What I did was I enabled the firewall in the rc.conf and wrote an `ipfw add allow in` and `ipfw add allow out` command to the /usr/local/etc/ipfw.rules file, so the firewall is completely transparent. 

I also ran a scan from a Mac computer and it shows ports TCP 22 and 5006 open. Nether of those two ports show up in the nmap scan. 

So, I suppose I will try to expose the server and try to connect to it from an iOS mobile device to see what happens. Quick question, if I have two NATs and I place the FreeBSD server into the first one, would I be able to connect to the L2TP server from NAT2? (I guess that would make for a completely different question ). The idea is that I'd like to connect with my phone and one of my computers to the same VPN tunnel and (say) share some files over this VPN. Thanks much for your help. 



> I'd advice to run sockstat -4l on the server, then check which ports are being used for listening. After that you could try using telnet to connect to these ports from another location.
> 
> My guess is that those processes bound to localhost instead of your public interface, as such you can't access them from a remote location.



@ShelLuser I did and I can see mpd5, racoon and sshd as processes listening on several ports. Now I realized that some ports are marked with "*" and others aren't. What is the difference? Are the ones marked with a "*" exposed?


----------



## Anonymous (Nov 11, 2013)

nactusberrilli said:
			
		

> ...
> Quick question, if I have two NATs and I place the FreeBSD server into the first one, would I be able to connect to the L2TP server from NAT2? (I guess that would make for a completely different question ).

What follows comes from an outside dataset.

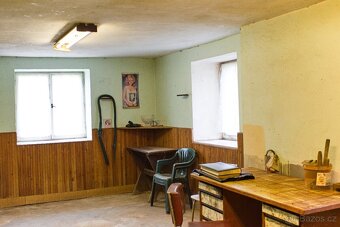 Patrový dům na vesnici-pozemek 1150 m2 - 12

Try it! In my setup the server and the clients may sit behind different NATs. If you need to connect more than one clients behind the same NAT at the same time or if you got Windows clients to be connected, then you would need to patch the kernel, see:

http://forums.freebsd.org/showpost.php?p=231620&postcount=86
http://forums.freebsd.org/showpost.php?p=231620&postcount=88
http://forums.freebsd.org/showpost.php?p=231620&postcount=94

If you have more questions on that setup, then it would be perhaps better to add it in the respective HOWTO thread.


----------



## nactusberrilli (Nov 12, 2013)

rolfheinrich said:
			
		

> L2TP utilizes UDP port 1701, and not TCP 1701. In addition, the L2TP traffic doesn't go directly through the LAN interface, but it is part of the IPsec transport on port 500 or 4500.
> 
> How did you check that the UDP ports 500 and 4500 are blocked?




@rolfheinrich, in regards to your previous statement, and after double-checking your tutorial I found this that I think must be taken a look at: 



> Make sure, that your firewall is open for the TCP port 1701 and the UDP ports 500 and 4500.

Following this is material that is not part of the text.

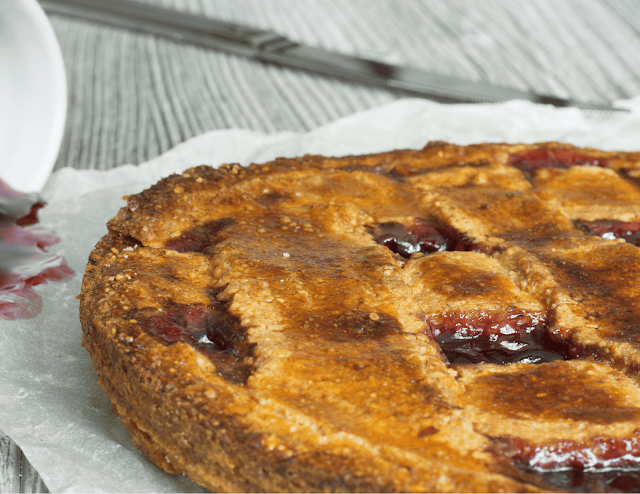 CROSTATA AMARENA E LAVANDA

 Please notice the "TCP port 1701". 

Cheers


----------



## Anonymous (Nov 12, 2013)

Fixed it, thank you!


----------



## ShelLuser (Nov 12, 2013)

I see the problem has already been solved, but just to answer your question:



			
				nactusberrilli said:
			
		

> @ShelLuser I did and I can see mpd5, racoon and sshd as processes listening on several ports. Now I realized that some ports are marked with "*" and others aren't. What is the difference? Are the ones marked with a "*" exposed?

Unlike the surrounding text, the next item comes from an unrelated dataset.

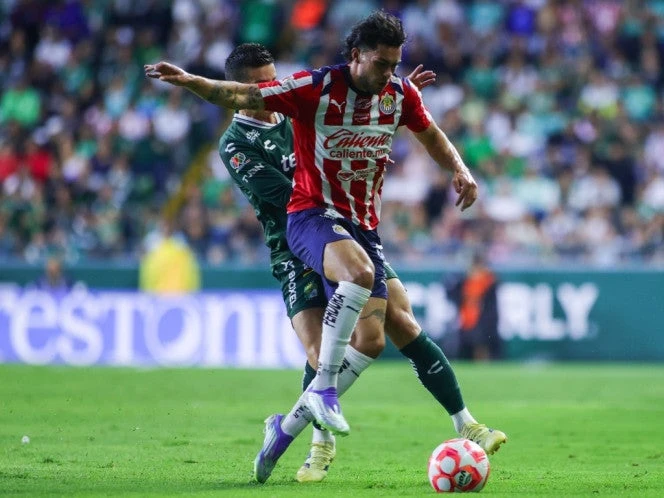 ¡James Rodríguez da sufrido triunfo a León sobre Chivas!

Whenever a port is marked with an asterisk it means that it's listening on all available devices and addresses, so they should be accessible.


----------



## nactusberrilli (Nov 12, 2013)

Thank you both for all the help and all the shared information. Yes, all is set. I am ready to move into the next phase: DMZ the server's IP, and connecting from a 3d network. 

Regands


----------